As the big day fast approaches, Lewis is faced with dilemmas that can be commonplace in the wild, wacky world of restaurants. “Here in Charleston, there are more restaurants than there are people who actually live here — there’s not enough restaurant staff to go around,” he says. “People go from place to place here like crazy. I’ll be at a restaurant and I’ll see someone there. Three weeks later, it didn’t work out, they’re in a different department, and three weeks later they’re in a different place.”
Furthermore, it’s challenging to find individuals who have any sort of experience with the cooking style. “With barbecue, you can’t go to culinary school because none exist,” Lewis says. “Anyone who has learned from barbecue joints is going to change what they learned anyway.” Lewis describes himself as self-taught, having taken more than a decade — “and thousands of dollars of trial and error” — to properly hone his smoking skills.

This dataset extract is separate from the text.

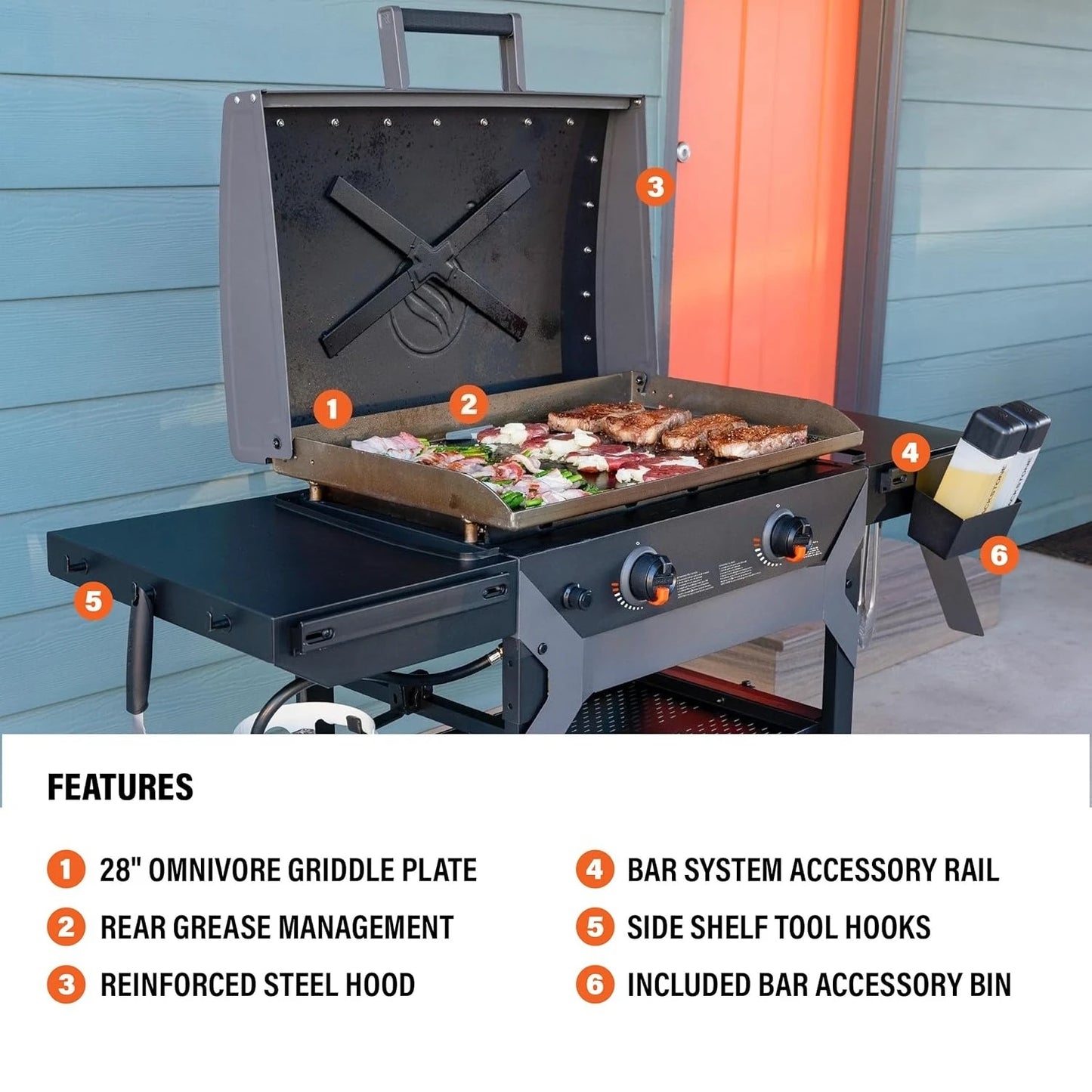 2311 Iron Forged 28” Omnivore Griddle with X-Braced Hood, Powder Coated Steel, Black, Customized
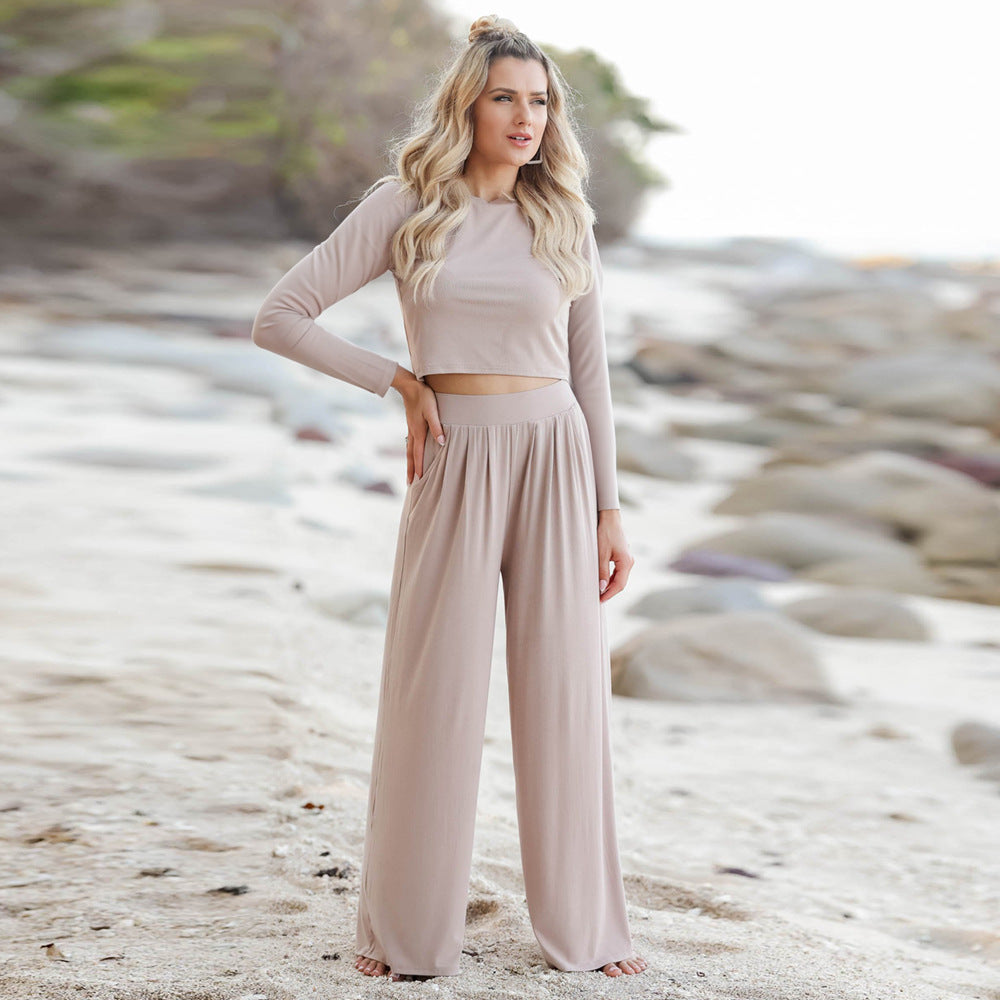 Women's Long-Sleeve Cropped Pullover and High-Waist Wide-Leg Lounge Set Mune Fashion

So with a local workforce that’s short on bodies and experience, how is Lewis planning to staff his upcoming BBQ joint?
Well, by offering more than just a job — an education. Lewis envisions his new restaurant serving as a sort of barbecue university for aspiring pitmasters. Specifically, he’s looking to hire four brave souls to serve as his protégés. Lewis will train these folks in the art of barbecue for one year (in addition to paying them).
“What would be awesome is if there was some 23-year-old guy from California or something, and his dream is to have a barbecue joint and he came out here, spent a year or two with me and then he can go back, away from Charleston, and do his thing somewhere else,” says Lewis.
Experience with BBQ is a plus but not required. “It’s important but not as absolutely necessary as someone who is super stoked about barbecue — someone who is extremely passionate about it,” he says.
Because Lewis is secretive about a lot of his processes, anyone he hires will have to sign a nondisclosure agreement, promising that he or she will not open a competing restaurant in town at the end of the required one-year term. “I don’t want them to be here for 22 months and then go back down the street to some other barbecue joint and start poaching my people,” he says. In return for at least one year of loyalty to Lewis’s new restaurant, employees will learn how to work with large cuts of meat, butchering, sausage-making, fire management, how to build a fire and how to serve the meat.
In the end, Lewis views the openings as ideal stepping stones for his potential hires. “Anyone who’s really into it and who’s going to work really hard for me is not going to want to do it for someone else forever. Anyone who’s worthwhile is going to dream to do this for themselves,” he concludes. Excuse us for just a minute while we begin filling out an application for barbecue school.